The joint-biggest winning margin in a Champions League knockout phase away leg. The joint-biggest European away win in the club’s history, too. Five unanswered goals including, by your own admission, one of the best that you have ever seen. All in all, “a dream of a result”. But you’re Pep Guardiola, so you are still not entirely happy.
“Don’t misunderstand me, I’m more than delighted,” the Manchester City manager insisted in the bowels of the Estadio Jose Alvalade after this crushing 5-0 victory over Sporting Clube de Portugal that has made the return leg at the Etihad in three weeks’ time little more than a formality.
But as anyone who can recall his “happy new year” post-match interview back in 2017 after a particularly hard-fought win over Burnley, and the manic grin that briefly appeared on his face, Guardiola’s definition of “happy” is slightly different to most people’s. It is happiness, but an anxious kind of happiness, forever wary that one misstep could bring it all crashing down.

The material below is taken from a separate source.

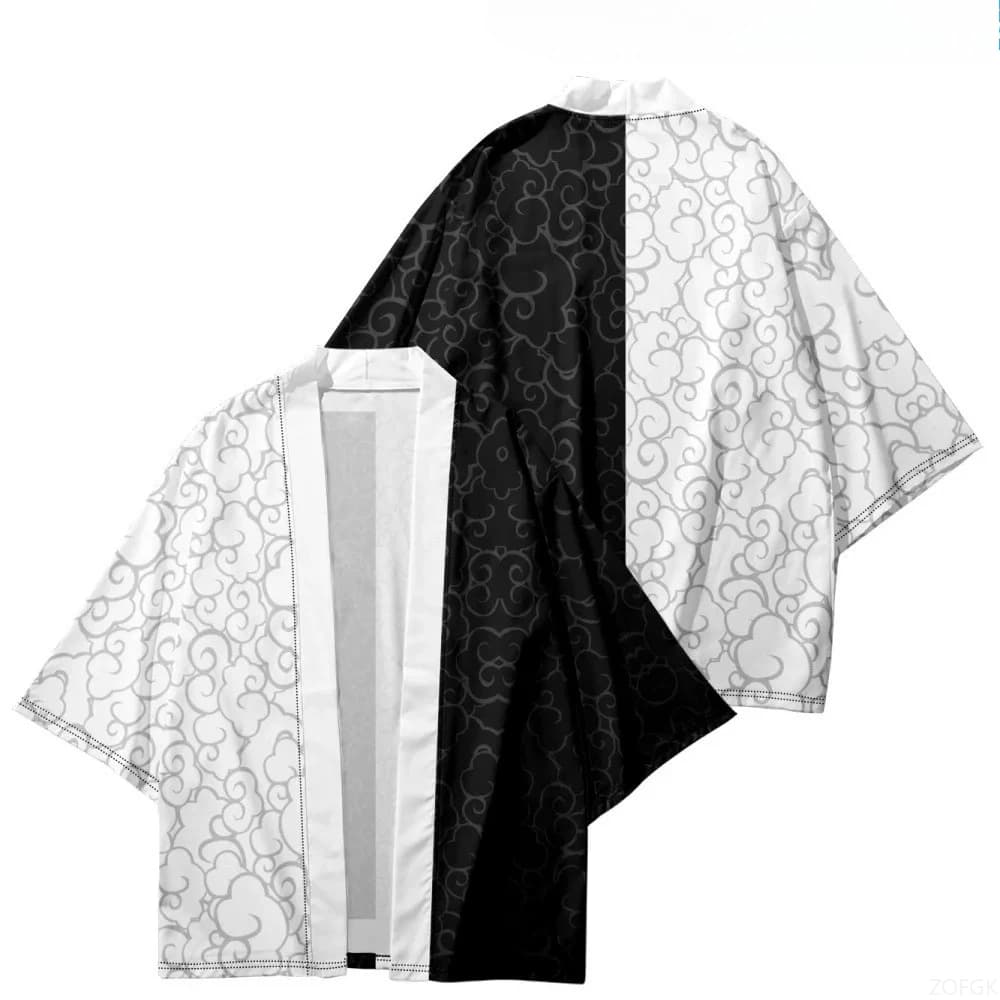Oriental kimono jacket with black and white patch. Light summer pajamas bathrobe with open collar and woman flower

It should be said that after the final whistle in Lisbon, Guardiola was nothing like he was during that interview. He was genuinely pleased with the result, which will provide him with some headspace at a time of the year when the season enters its final straight and everything gradually begins to intensify.
But for a happy manager, he spent a lot of time picking at the few imperfections in a near-perfect City performance.
“We defended well and got an incredible result, but we have a duty as a manager and team to analyse exactly how we performed,” he said. “Not the result, the result was a dream, but performing? We can do better.”
Guardiola was not especially pleased with City’s retention of the ball, despite ending with more than 60 per cent possession.
Dominating possession is as much a defensive tactical choice as it is an attacking one to Guardiola. This was, surprisingly, City’s first Champions League clean sheet of the season but that was at least a little fortunate, according to their manager.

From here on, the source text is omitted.